What counts as an excellent credit score can differ from one lender to the next. Generally, if your credit score is above 750, you're considered to have excellent credit.

If you already have an excellent credit score, make sure you're getting the most out of it.

Better Chances for Approval

Many businesses use credit scores to determine whether to approve your application. When you have a poor credit score, there's a greater chance your applications will be denied because creditors may consider you to be a risky borrower. You have a much better chance of being approved with an excellent credit score, since your credit history shows that you've borrowed responsibly in the past.

Outside those circumstances, you'll find that it's much easier to apply for credit cards and loans when you have an excellent credit score. However, you can quickly ruin an excellent credit score by making too many credit applications, especially in a short period of time.


Even with excellent credit, there's still a small chance you could be denied. For example, this may happen if your income isn't high enough or you're carrying too much debt.

Save Money on Interest

Interest rates on credit cards and loans are directly related to the credit risk you pose, which is measured by your credit score. Excellent credit allows you to qualify for the lowest interest rates, which can save you thousands of dollars over your lifetime.

For example, if you apply for a $250,000, 30-year fixed mortgage and qualify for a low rate of 2.842%, you'd pay a total of $121,818 in interest over the life of the mortgage. On the other hand, if you apply with a credit score of 640 and qualify for an APR of 3.455%, you'd pay an additional $51,911 in interest over the life of the loan.

Lower Monthly Loan Payments

Since loan payments are directly tied to the interest rate, having an excellent credit score can make it easier to afford your mortgage or car loan payments.

Consider getting a $25,000, 60-month auto loan. With an excellent credit score above 720, you could qualify for a monthly payment of $462. A credit score of 640, on the other hand, would give you monthly payments of $538. That amount can make a big difference in your monthly budget.


Since an excellent credit score gives you a lower monthly payment, you may even be able to choose a shorter-term loan, which saves on the total cost of interest and lets you pay off your loan much sooner.

Qualify for Higher Credit Limits and Loan Amounts

The amount of credit a credit card issuer is willing to extend to you is based partly on your credit score. With an excellent credit score, you've likely demonstrated that you can handle credit responsibly. When you apply for most major credit cards, you're more likely to get a higher credit limit—provided your income is enough to handle that credit limit.

Similarly, when you're applying for a loan, having excellent credit will allow you to qualify for higher loan amounts. This makes a major difference in the price of the home or car you can afford to buy.


Higher credit limits can also help improve your credit score, particularly when you use only a small amount of credit each month.

More Credit Card Options

Some of the best credit cards pay generous signup bonuses and rewards, but they're only available to consumers who have the best credit scores.

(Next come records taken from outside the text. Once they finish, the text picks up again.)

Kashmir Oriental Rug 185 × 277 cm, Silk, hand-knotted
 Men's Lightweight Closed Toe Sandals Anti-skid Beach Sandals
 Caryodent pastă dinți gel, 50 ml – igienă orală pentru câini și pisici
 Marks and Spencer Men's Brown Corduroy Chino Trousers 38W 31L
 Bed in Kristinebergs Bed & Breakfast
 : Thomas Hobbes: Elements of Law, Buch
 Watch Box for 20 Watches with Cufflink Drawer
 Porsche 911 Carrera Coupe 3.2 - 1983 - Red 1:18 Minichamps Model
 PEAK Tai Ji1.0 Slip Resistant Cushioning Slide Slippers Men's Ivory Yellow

With an excellent credit score, you have a much better chance of getting approved for some of the best credit cards on the market. On the other hand, having a low credit score limits your credit card options tremendously.

Being able to qualify for better credit cards can allow you to earn rewards, such as cash back, gift cards, merchandise, and travel.

Having more credit options available to you also means you can avoid predatory lending like payday loans, title loans, and pawnshop loans. These types of short-term lending options have the highest interest rates and often keep borrowers trapped in an impossible cycle of debt.

Shop Around for the Best Terms

More companies are willing to approve you when you have excellent credit. That means you have the freedom to shop around with different creditors and lenders, and you can ultimately choose the credit card or loan with the best terms.

On the other hand, if you struggle with your credit, your limited options may force you to choose credit products that don't have the best interest rates.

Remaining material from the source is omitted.